An important consequence of neglecting field diffusion here is described in Appendix C. Using the approximate solution introduced in Sect. “Approximating the total field assuming linear time variation in the source currents”, the total field of such a large change in the current above the largest sources could be as high as:

$$|{B}_{{r}_{{\text{tot}}}}^{{\text{max}}}|=\left|{B}_{{r}_{{\text{prim}}}}^{{\text{max}}}+{B}_{{r}_{{\text{ind}}}}^{{\text{max}}}\right|=\left|\frac{{\mu }_{0}{R}_{{\text{max}}}^{2}{I}_{{\text{max}}}}{2{\left({\delta }_{{z}_{{\text{max}}}}+{R}_{{\text{max}}}^{2}\right)}^{3/2}}+{\left(dI/dt\right)}_{{\text{max}}}*C\left({R}_{{\text{max}}},{\delta }_{{z}_{{\text{max}}}},0\right)\right|\approx 0.074\left[T\right]>>{F}_{u},$$
(49)

where \({F}_{u}\approx 0.0032[T]\) is a value estimate based on the training data above which a field magnitude occurring in the generated samples can be considered an outlier (see Appendix C).

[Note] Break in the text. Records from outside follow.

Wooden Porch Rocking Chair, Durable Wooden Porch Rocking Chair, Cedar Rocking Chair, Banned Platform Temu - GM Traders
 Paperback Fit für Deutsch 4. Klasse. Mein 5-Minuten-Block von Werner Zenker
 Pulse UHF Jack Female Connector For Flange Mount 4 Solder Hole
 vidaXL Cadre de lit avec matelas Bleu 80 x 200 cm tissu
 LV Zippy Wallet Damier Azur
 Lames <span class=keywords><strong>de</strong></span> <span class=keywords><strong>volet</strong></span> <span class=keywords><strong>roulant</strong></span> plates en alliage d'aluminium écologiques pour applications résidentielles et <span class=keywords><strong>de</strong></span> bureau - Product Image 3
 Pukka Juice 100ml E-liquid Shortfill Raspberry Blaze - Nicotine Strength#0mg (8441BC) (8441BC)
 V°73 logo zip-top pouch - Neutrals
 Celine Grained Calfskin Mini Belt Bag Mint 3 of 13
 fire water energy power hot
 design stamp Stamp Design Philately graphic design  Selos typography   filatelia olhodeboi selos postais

This means that source currents which have only a much smaller range in time variation can be applied when one aims at generating training samples representative in terms of actual geomagnetic field values. The simple procedure implemented to ensure this is described in Appendix C as well.

Table 4 The minimum and maximum values of the model parameters, estimated using formulas (3740) and (4546)

Table 5 contains the target values used for the computation of the range of possible current loop parameter values and their approximation using the derived extreme parameters. Table 6 represents the stability of the derived extreme parameters with respect to the changing GMD target values in the historical record.

Table 5 Validation against the characteristic target measures of the geomagnetic field when applying the derived limits of potential loop parameters in Eqs. (39)–(42) and Eqs. (45)–(46)
Table 6 Comparing the resulting lower and upper limits of potential loop parameters derived when using the weakest and strongest historical GMD magnitudes (Jackson et al. 2000) in the corresponding target values

Appendix C: Assembling and generating training and test data

In constructing the training dataset, synthetic magnetic field maps for the source models were generated within the bounds of source parameters discussed in Appendix B using the forward solution presented in Sect.  “Approximating the total field assuming linear time variation in the source currents”.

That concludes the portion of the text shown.